Exercise prompt: Copy out the listing that follows exactly, dropping every picture.
Provided data Block Start
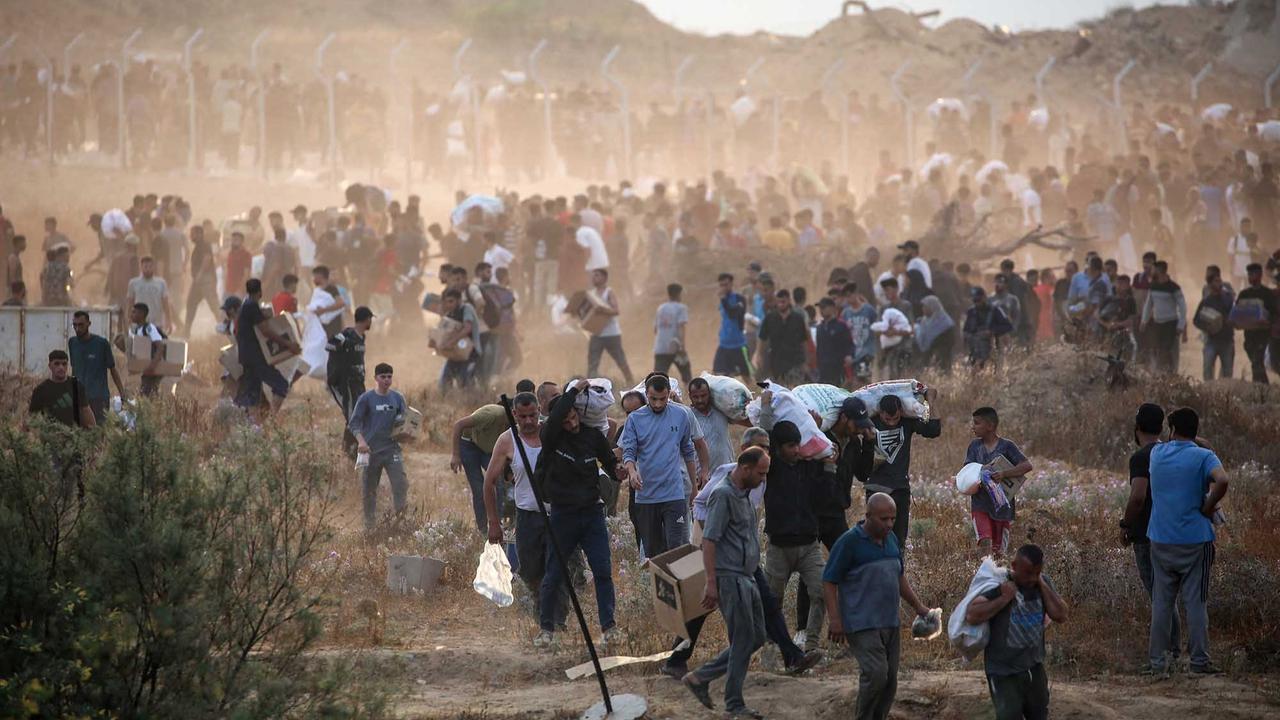 FOTO: Ribuan Warga Gaza Mengambil Paket Bantuan Bahan Makanan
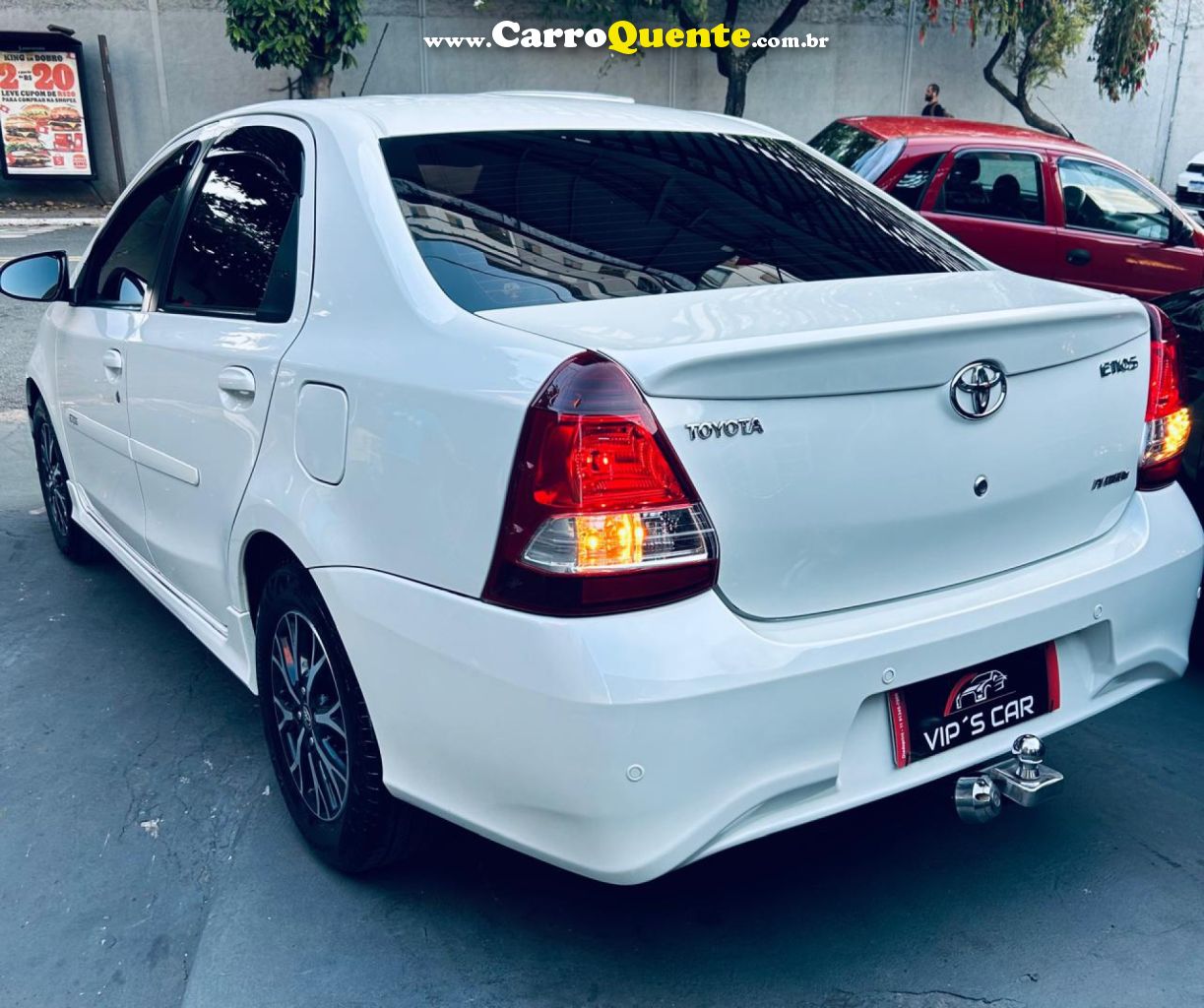 TOYOTA   ETIOS PLATINUM SED. 1.5 FLEX 16V 4P AUT.   BRANCO 2018 1.5 FLEX - Loja
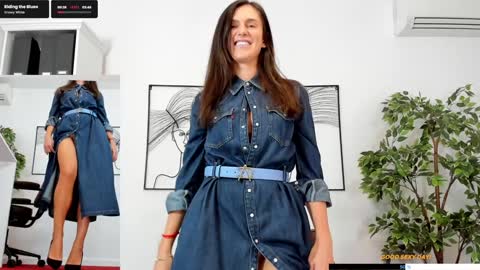 Elle  online show from March 12, 2025, 11:53 am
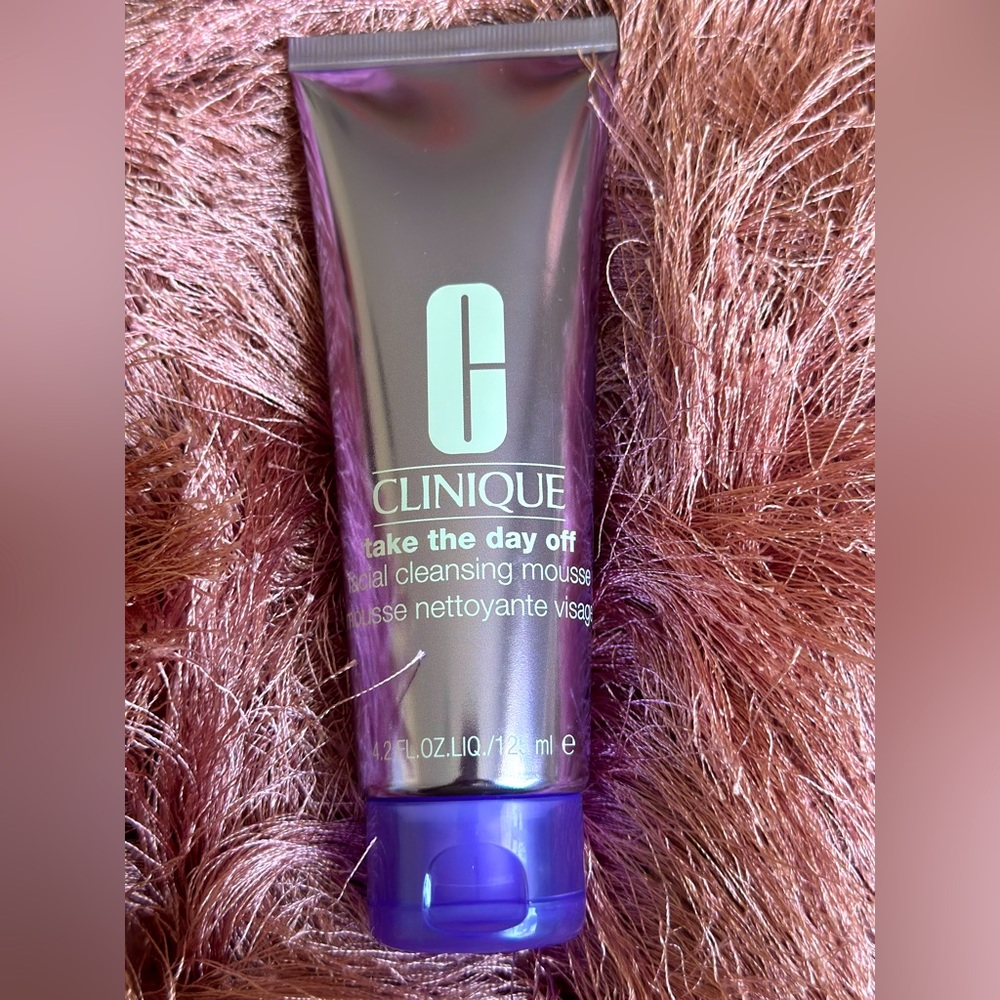 Face cleanser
Provided data Block End
Finished task:
 FOTO: Ribuan Warga Gaza Mengambil Paket Bantuan Bahan Makanan
 TOYOTA   ETIOS PLATINUM SED. 1.5 FLEX 16V 4P AUT.   BRANCO 2018 1.5 FLEX - Loja
 Elle  online show from March 12, 2025, 11:53 am
 Face cleanser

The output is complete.